Clustering analysis is usually a multi-variate technique. DENCLUE is a little different. DENCLUE class implements DENCLUE 2.0 algorithm. Theoretically, DENCLUE can work on 1d data. It is just hill climbing process. What the paper doesn't tell is that data points rarely converge to the same attractors even if they belong to the same cluster. In fact, we often end with many cluttered attractors. To handle this, we add the second phase after the DENCLUE: clustering attractors with another algorithm. We choose DBSCAN for this phase. This combination works very well in most case. But it fails in 1-dimensional sometimes. The errors in your cases are actually from DBSCAN part. There is no evidence that DBSCAN works on 1-dimensional data.

As said, we develop clustering package for multivariate analysis. So we have no intention to work on this edge case.

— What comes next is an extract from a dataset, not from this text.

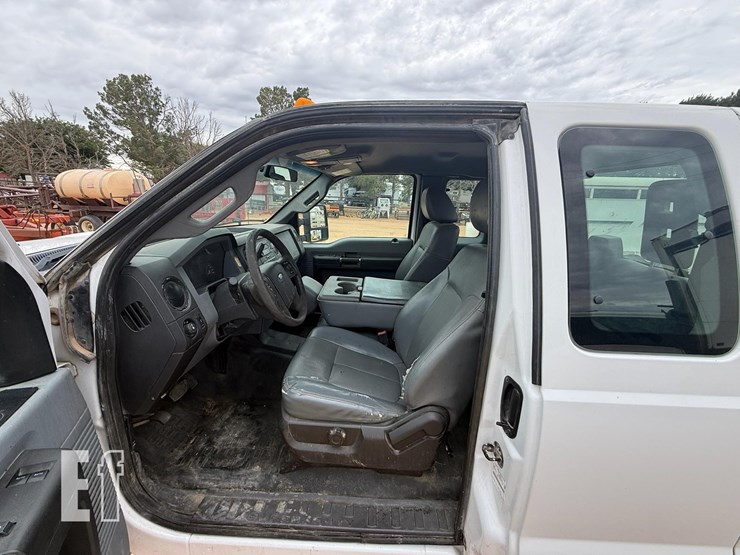 2016-ford-f350-image-4
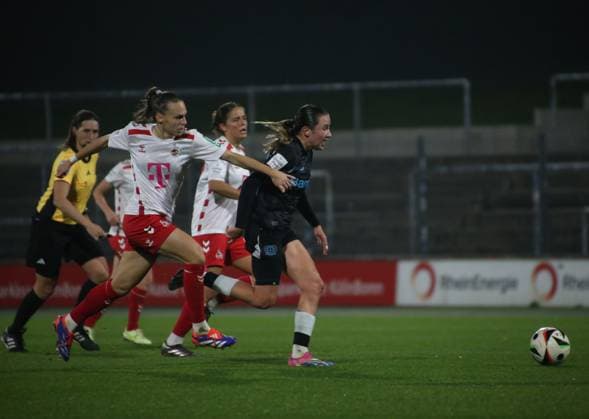 01 11 2024, xgrfx, Soccer Google Pixel Women Bundesliga, 1 FC Köln Bayer 04 Leverkusen emspor, v l Loreen Bender Bayer Leverkusen DFL DFB REGULATIONS PROHIBIT ANY USE OF PHOTOGRAPHS as IMAGE SEQUENCES and or QUASI VIDEO Köln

eQX8HNMTU2 commented 3 years ago

@haifengl

what can i use if i want to cluster one dimensional data with kernel density estimation. I thought that's the thing you use when you want to cluster one dimensional data.

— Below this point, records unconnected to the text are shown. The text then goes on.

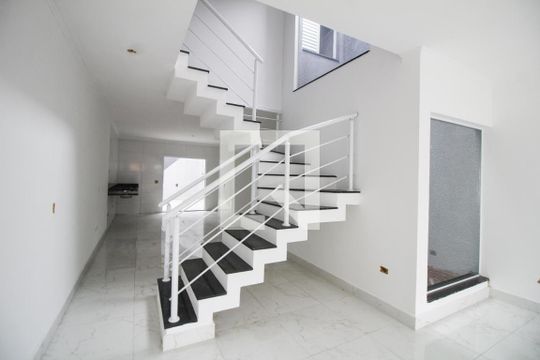 Sala de casa à venda com 3 quartos, 120m² em Vila Canero, São Paulo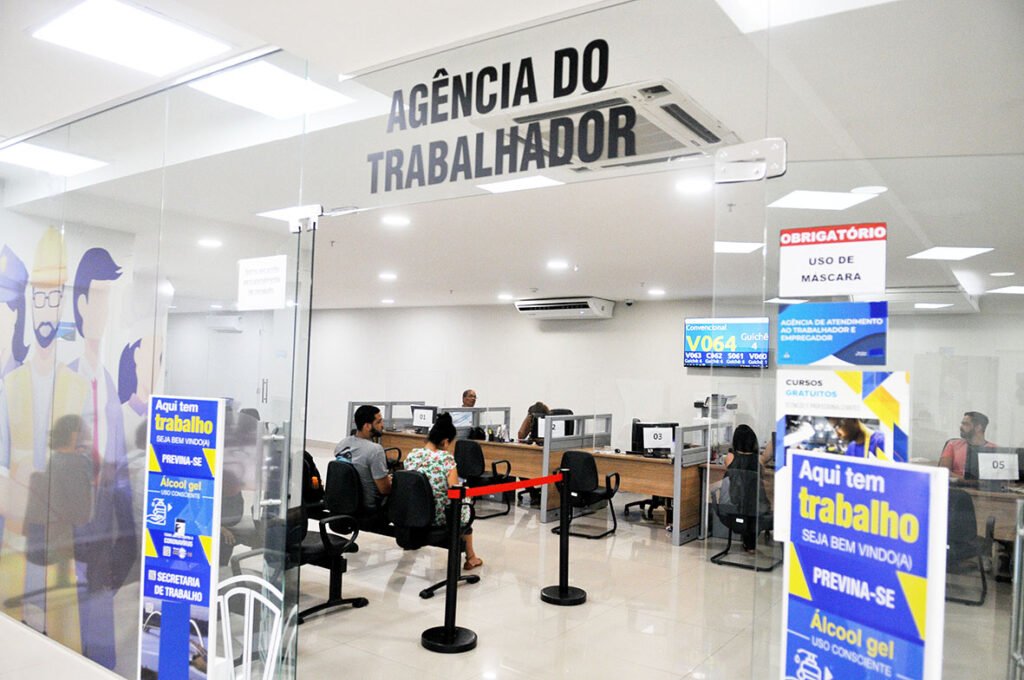 Agências do trabalhador abrem 2.096 vagas no DF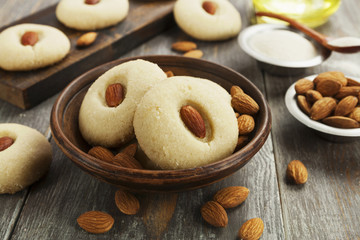 Obraz na płótnie Canvas Nan Hathi.Indian traditional cookies with almonds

eQX8HNMTU2 commented 3 years ago

@brainbytes42 can you show what u did to do the one dimensional case?

brainbytes42 commented 3 years ago

@brainbytes42 can you show what u did to do the one dimensional case?

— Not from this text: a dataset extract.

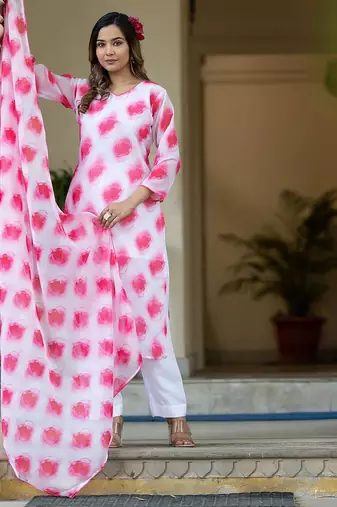 Floral Printed Regular Kurta with Trousers & With Dupatta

unfortunately, I can't show the code - but basically, I have reimplemented a simple version of Denclue 2.0 around smile's smile.stat.distribution.KernelDensity, to reinvent only half the wheel... A little bit of hill-climbing and a reasonable epsilon... So basically, 1D-data ist not a limitation of the algorithm, but only in smile's implementation, unfortunately.

eQX8HNMTU2 commented 3 years ago

@brainbytes42 I was just thinking about using the KernelDensity class and calculating the local maxima. But I don't know a smart way of calculating them. Does the SMILE library have anything that can calculate local maxima of the probability density function?

brainbytes42 commented 3 years ago

I don't think so... But luckily, hill climbing isn't that hard to implement for 1D-Data... ;-)